An optional extension would also be contrary to the direction Brian was
heading, with his data and loader being separable. My program already
ties the loader and data together as I’m just seeing this encoding as a
way to transmit a file to a Model T, not an archival format, but I
recognize the loss of generality. .
Investigating HXFER <https://github.com/LivingM100SIG/Living_M100SIG/
blob/main/M100SIG/Lib-10-TANDY200/HXFER.DOC> is on my to do list.
Instead of marking the changes needed for relocation inline, as we would
be doing, it simply appends bytes at the end of a hex file. While it is
inefficient compared to your !-encoding, it has some very nice features
including being future-proof: I was able to easily convert the HXFER
files to .CO without knowing anything about HXFER by simply using a
standard hex-to-binary tool (|xxd -r -p|) and truncating the file the
LEN specified in the header. Will a future computer-archaeologist curse
us for inventing a new format? I think not since, unlike HXFER, our
method has the benefit of including the decoder with the data, but it’s
worth considering.
2. Adjust ROM calls per platform. This might require another
method altogether. Maybe there would need to be a library of calls
and some code to identify the call. More ambitious.
Not as crazy as it sounds. I’ve been struck repeatedly by how the
official ROM calls have persisted from the Kyotronic 85 to its kin,
usually with just the address changed. The main incompatibility that I
recall so far is the RS232 calls for the NEC PC-8201A which have a very
peculiar initialization string. That said, it is definitely more
ambitious and probably shouldn’t even be part of the encoding. At least
not at first. I’d want to see a proof of concept that’s able to convert
a non-trivial program (from assembly source code) to .CO files for more
than one machine. I see Model 100 / Tandy 200 conversion as the most
likely to be successful. I believe Kyotronic to Olivetti M10 should be
fairly similar, too.
I’d also been considering using |!| followed by digits to represent Run
Length Encoding (RLE) of the next non-digit character, similar to the
Sixel image protocol. However, that’s probably not a terribly useful
thing to do given that very few .CO files have the same byte repeated
more than three times.
I’m not quite ready to work on any of these extensions yet as I’d like
to finish up my loader (100% functional, proper sanity checks,
documentation, and testing). Please bring up relocating in the encoding
and automagic translation again as they may get more traction in my
brain later.
Also have we landed on an agreed encoding?
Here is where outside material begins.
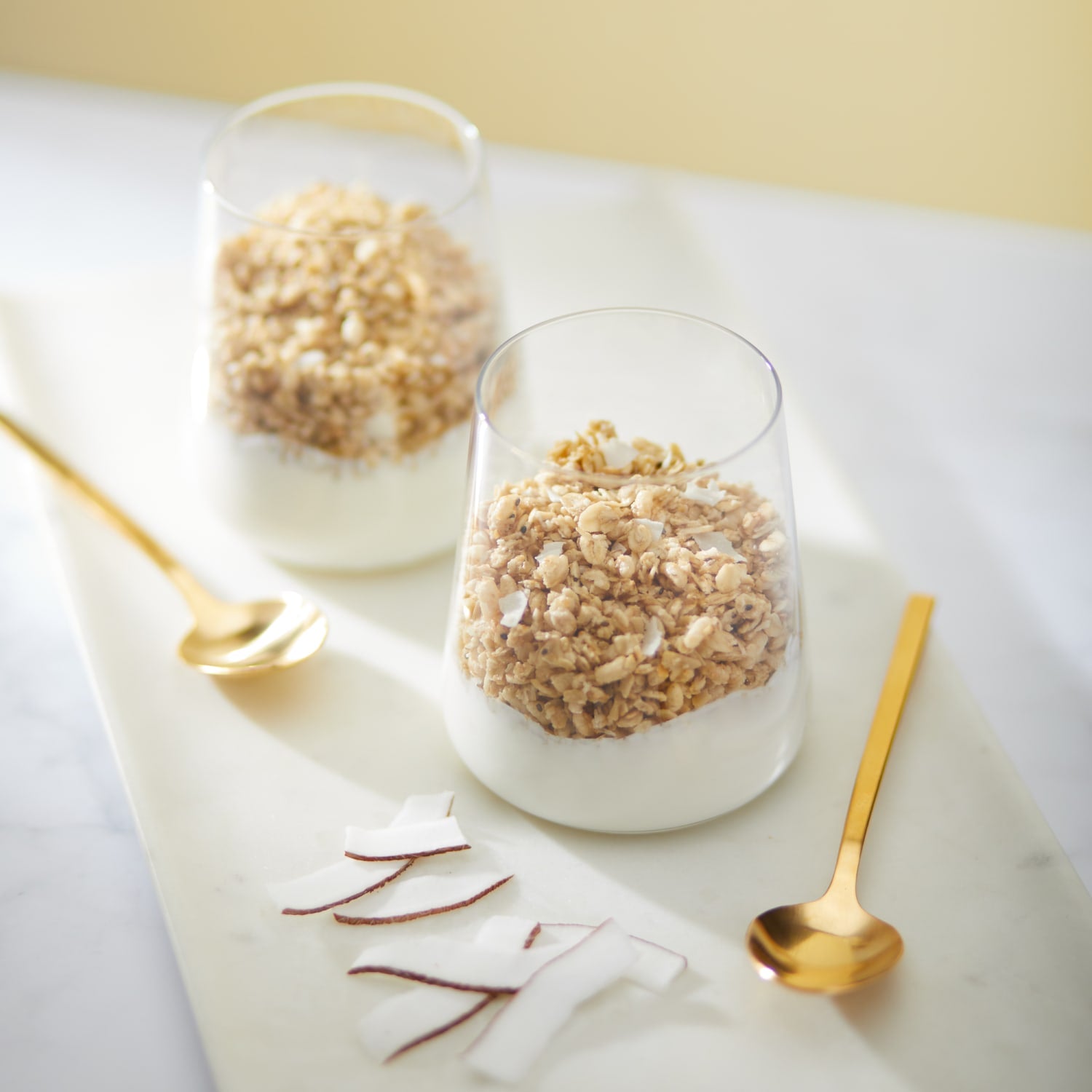 Coconut-Chia-Granola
Until we find the next hiccup, I think yes. The main features I believe are:
* All characters represent themselves except |!| and a character
preceded by |!|.
* A character preceded by |!| will have its high-bit flipped and the
|!| discarded.
* All Model T computers share a set of characters which should be encoded:
o A literal |!| (bang, 33) is encoded as characters 33 and 161,
which display as |!à| on a Model 100. ⁰
o |"| (double quote, 34) confuses BASIC when included in DATA
statements.
o |^Z| (control-Z, 26) signals the End Of File and cannot be
received over the serial port to a text file.¹
o All control characters (anything less than |Space|, 32) are
removed by the BASIC tokenizer with the exception of |Tab|.²
o |DEL| (delete, 127) is removed when a file or program is opened
with EDIT.
⁰ Other Kyotronic kin may not show anything for “high ASCII”, but the
characters are preserved.
¹ In fact, after a ^Z, the rest of the file will be missing!
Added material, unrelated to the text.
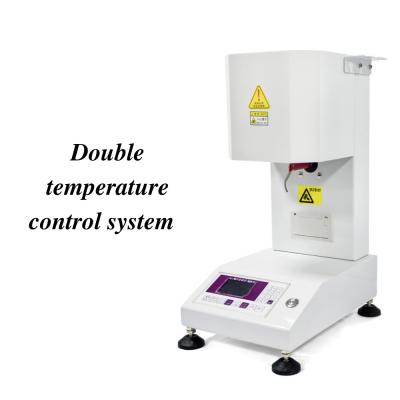 China Key Stroke MFR MVR Tester PS PC ABS Plastic Melt Index Machine for sale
² For simplicity, Brian’s co2ba also encodes |Tab| and |Space|, but
that’s still valid by this encoding.
Actually I stopped doing that since it's silly.
The code is nothing at all, and actually more generic without using
direct selection logic like "is the value less than 34".
It's far more useful to have it ask "is the value in the unsafe list ?"
and then the list can change any time for any reason in any way without
changing the user needing to change the code.
So the unsafe list, a special option that's just a shorthand for adding
127 to the unsafe list, the choice of "!", the xor value, the length of
the output lines, the line numbering, are all actually configurable
simply because there is no reason not to.
Like if I hadn't known about the special case of 127 because it never
bit me personally, and so I never added the EDITSAFE option just for
that, the script would still work for someone else who discovered they
needed that. They could just use the UNSAFE option to customize the list
of unsafe values.
One thing that's fixed right now is the fact that the shift operation is
xor and not whatever you want like the way I originally just had +/-64
But for instance, xor 64 actually works too, and has the property that
127 doesn't become 255, nor would 255 become 127. I guess that doesn't
matter but I just always thought 255 was sometimes a problem too, maybe
in other venues that need to handle the file. I guess the utility of
being able to change the xor value would be if you need to encode
something that would end up making another value you can't have, so you
can shift the whole mess around and find something that works for your
particular case. like idk some old system 7 mac software that for
whatever reason doesn't like some byte, or maybe doesn't like some byte
*combo* like it interprets it. Like in fact bash by default interprets !
itself when you type it in manually or paste into a command line. So If
you were going to be dealing with encoded data on the command line, that
is a case where you might wish it were not any of the meaningful bash
characters.
I keep changing my mind about some things. Originally I was including
the ! and the 64 or 128 in the header line so that the header says how
to decode the payload along with it's size and exe address and name.
Then made those not configurable and removed them from the header. But
they are configurable again and so they should probably be considered
metadata and be defined in the header. (the header data line)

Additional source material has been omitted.